Leaning sticks on a horizontal surface [closed]

Question

A body is composed of two straight pins that are joined at a right angle. They have lengths α and β and the mass per unit length is ρ. When the body is balanced on a flat surface, as shown, how large is the normal force against the ground in the right point of contact? 4 options as can be seen in the picture.

We can bisect the angle with a downward altitude, call it h.
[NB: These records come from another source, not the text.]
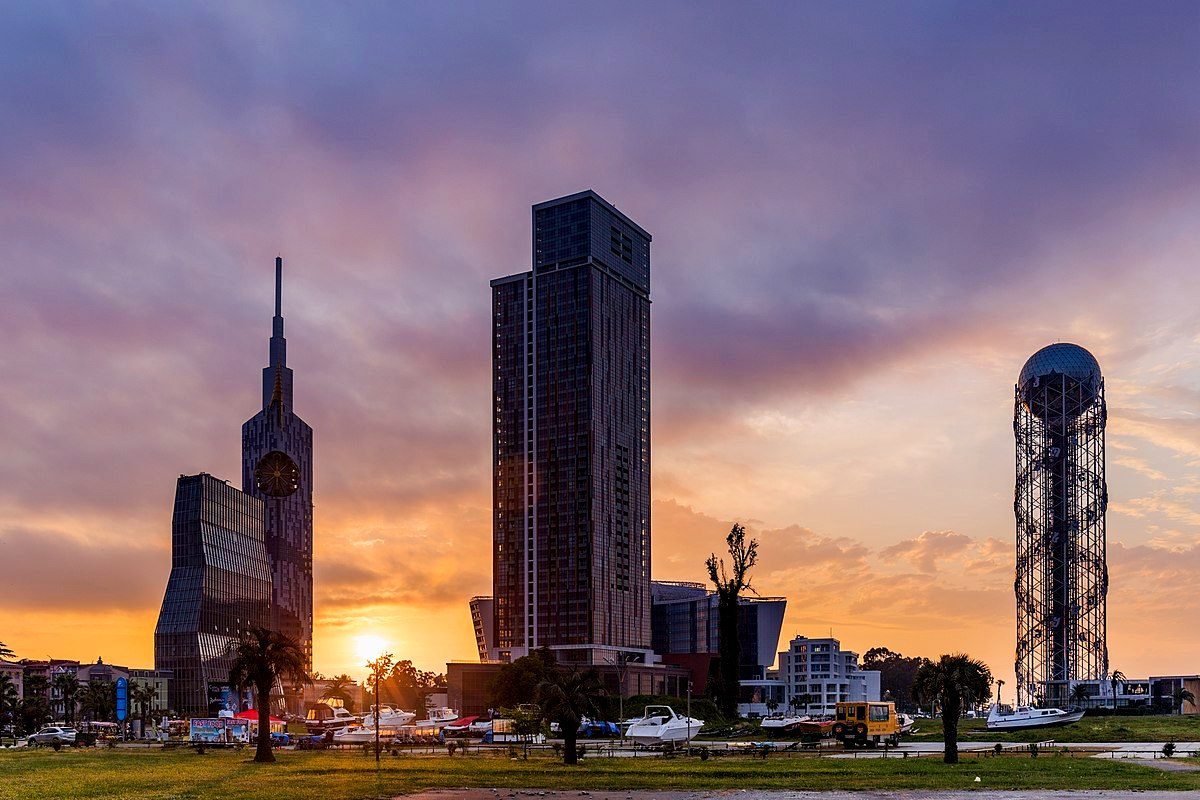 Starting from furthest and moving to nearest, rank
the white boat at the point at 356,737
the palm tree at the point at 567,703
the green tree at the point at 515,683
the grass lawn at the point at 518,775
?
the green tree at the point at 515,683 → the white boat at the point at 356,737 → the palm tree at the point at 567,703 → the grass lawn at the point at 518,775

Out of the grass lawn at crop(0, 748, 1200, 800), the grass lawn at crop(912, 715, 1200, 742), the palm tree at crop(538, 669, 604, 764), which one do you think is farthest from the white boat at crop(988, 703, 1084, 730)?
the palm tree at crop(538, 669, 604, 764)

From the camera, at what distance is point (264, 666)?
273ft

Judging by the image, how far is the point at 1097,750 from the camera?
92.4 metres

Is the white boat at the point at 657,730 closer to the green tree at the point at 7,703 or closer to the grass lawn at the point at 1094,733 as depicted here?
the grass lawn at the point at 1094,733

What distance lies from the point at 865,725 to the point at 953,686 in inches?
1016

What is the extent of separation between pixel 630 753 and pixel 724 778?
26.5 metres

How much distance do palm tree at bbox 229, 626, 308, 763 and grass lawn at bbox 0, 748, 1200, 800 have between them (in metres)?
2.42

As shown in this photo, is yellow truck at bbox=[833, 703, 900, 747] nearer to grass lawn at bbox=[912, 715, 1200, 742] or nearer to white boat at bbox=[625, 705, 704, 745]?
grass lawn at bbox=[912, 715, 1200, 742]

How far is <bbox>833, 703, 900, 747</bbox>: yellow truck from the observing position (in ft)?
326

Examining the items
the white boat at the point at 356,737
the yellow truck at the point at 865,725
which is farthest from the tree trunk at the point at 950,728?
the white boat at the point at 356,737

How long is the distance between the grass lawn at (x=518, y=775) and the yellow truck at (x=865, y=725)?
61.3ft

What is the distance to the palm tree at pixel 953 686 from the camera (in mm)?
75938

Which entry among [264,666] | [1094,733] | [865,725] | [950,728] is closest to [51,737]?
[264,666]

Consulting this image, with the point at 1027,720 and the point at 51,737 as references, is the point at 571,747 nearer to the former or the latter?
the point at 51,737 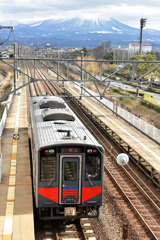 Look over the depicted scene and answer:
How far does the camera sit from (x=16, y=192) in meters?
10.5

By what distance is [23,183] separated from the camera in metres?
11.2

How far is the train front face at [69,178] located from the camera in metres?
8.64

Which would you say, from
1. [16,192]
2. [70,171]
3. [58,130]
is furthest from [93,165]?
[16,192]

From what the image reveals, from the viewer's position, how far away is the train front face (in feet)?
28.3

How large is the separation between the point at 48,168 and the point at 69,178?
23.3 inches

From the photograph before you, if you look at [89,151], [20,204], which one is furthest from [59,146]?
[20,204]

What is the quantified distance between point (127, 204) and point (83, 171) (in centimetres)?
300

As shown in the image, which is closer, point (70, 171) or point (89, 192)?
point (70, 171)

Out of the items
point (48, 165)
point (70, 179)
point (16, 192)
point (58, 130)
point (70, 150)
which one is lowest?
point (16, 192)

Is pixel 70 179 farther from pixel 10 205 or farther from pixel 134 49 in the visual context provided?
pixel 134 49

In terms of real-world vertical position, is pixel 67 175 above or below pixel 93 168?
below

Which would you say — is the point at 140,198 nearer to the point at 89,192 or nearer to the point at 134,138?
the point at 89,192

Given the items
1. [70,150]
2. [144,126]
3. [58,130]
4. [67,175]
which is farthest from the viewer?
[144,126]

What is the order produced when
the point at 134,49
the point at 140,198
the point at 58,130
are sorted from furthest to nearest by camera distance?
1. the point at 134,49
2. the point at 140,198
3. the point at 58,130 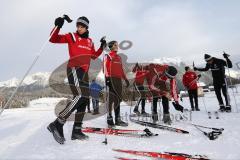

Recall that the area of the triangle is:

$\frac{ab}{2}=\frac{\sqrt{a^2+b^2}h}{2}$ and we have $h=\frac{ab}{\sqrt{a^2+b^2}}$. It follows now that $sin\alpha=\frac{h}{a}=\frac{b}{\sqrt{a^2+b^2}}$.

We proceed now by calculating the moment around the left contact-point and recall that $M=F*r*sin\alpha$

$(\frac{ρag}{2})(\frac{a}{2})(\frac{b}{\sqrt{a^2+b^2}})+(\frac{ρbg}{2})(\frac{b}{2})(\frac{a}{\sqrt{a^2+b^2}})-N_2\sqrt{a^2+b^2}=0$

Simplifying and express in terms of N_2 gives:

$N_2=\frac{ρabg}{4(a^2+b^2)}(a+b)$ which is wrong.

Answer 1

Here's the setup: first use Newton's second Law in the vertical direction to get $$ N_a + N_b - (m_a+m_b)g = 0 $$ next balance the torques about the vertex of the triangle to get $$ -aN_a\cos\alpha+\frac{1}{2}am_ag\cos\alpha+bN_b\cos\beta-\frac{1}{2}bm_bg\cos\beta=0 $$ where $\alpha$ and $\beta$ are the angles between the sides of the triangle and the horizontal on the left and right sides respectively.

I'll let you attempt to do the rest.